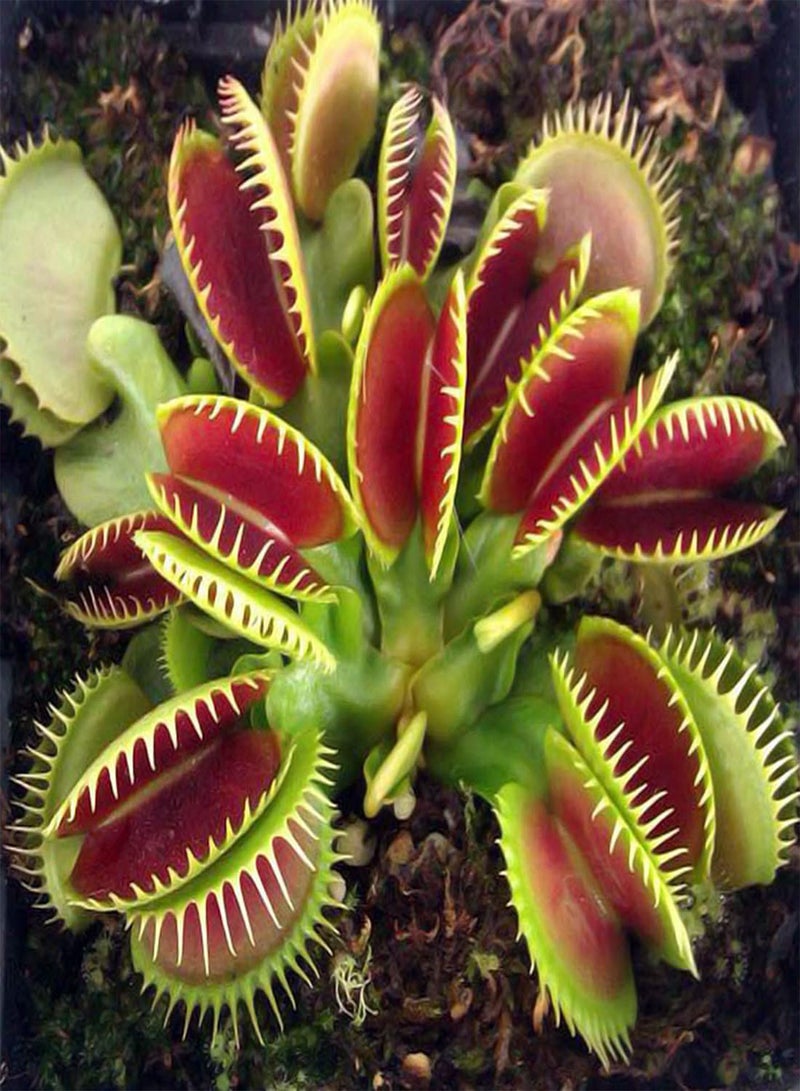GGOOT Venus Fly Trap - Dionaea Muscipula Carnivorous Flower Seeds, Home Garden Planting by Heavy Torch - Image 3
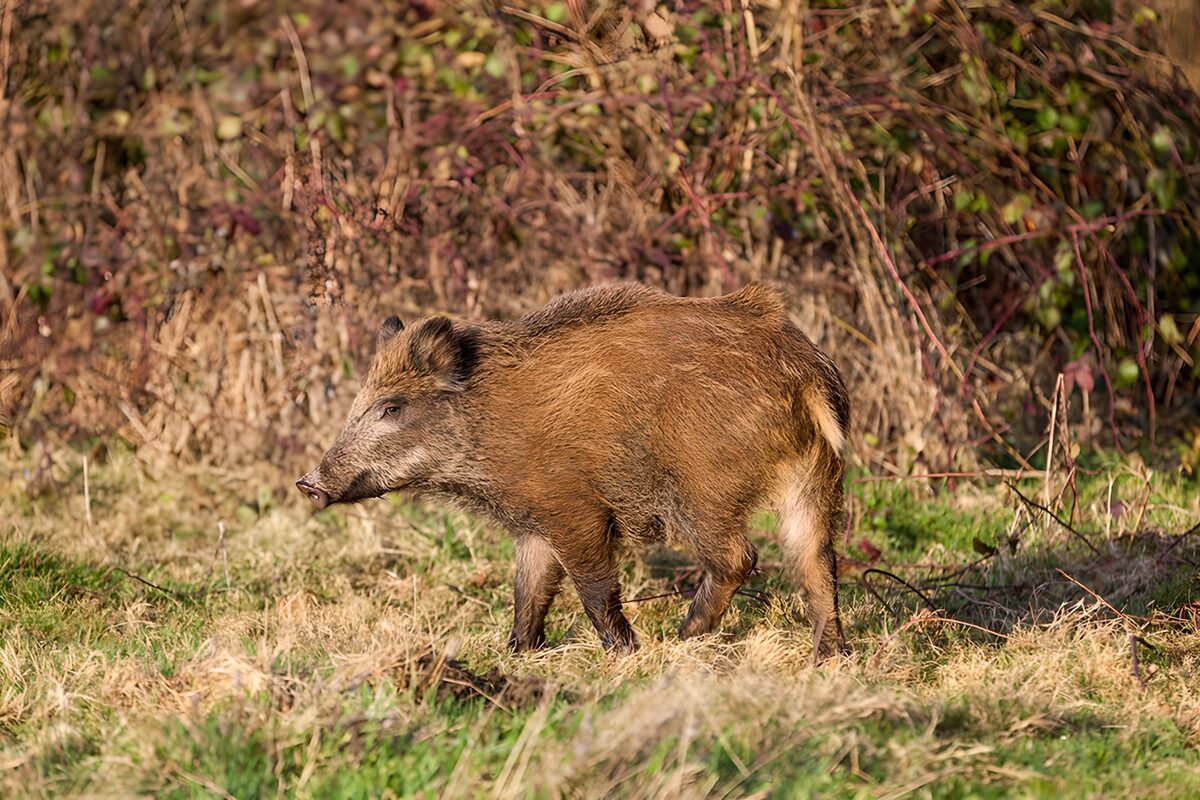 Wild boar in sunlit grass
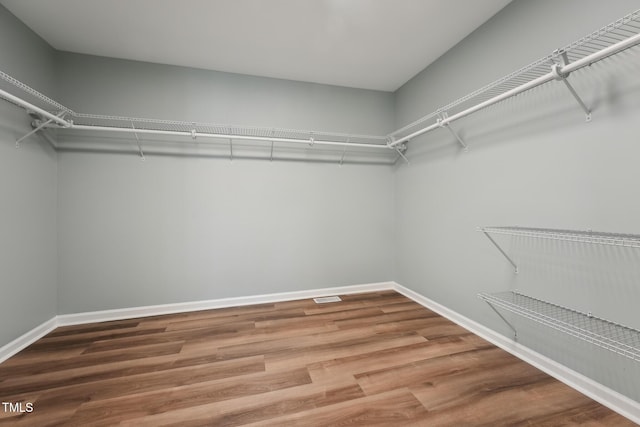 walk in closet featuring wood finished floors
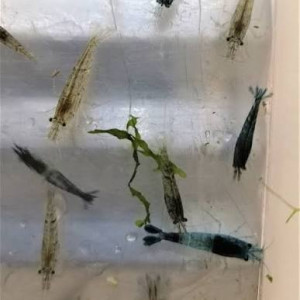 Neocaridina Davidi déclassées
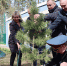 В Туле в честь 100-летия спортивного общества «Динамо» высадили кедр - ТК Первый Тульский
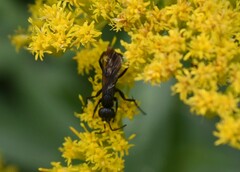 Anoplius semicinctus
****************************************
**Exercise details**. For every entry above, write it out exactly and remove any image.

**Answer box**.
GGOOT Venus Fly Trap - Dionaea Muscipula Carnivorous Flower Seeds, Home Garden Planting by Heavy Torch - Image 3
 Wild boar in sunlit grass
 walk in closet featuring wood finished floors
 Neocaridina Davidi déclassées
 В Туле в честь 100-летия спортивного общества «Динамо» высадили кедр - ТК Первый Тульский
 Anoplius semicinctus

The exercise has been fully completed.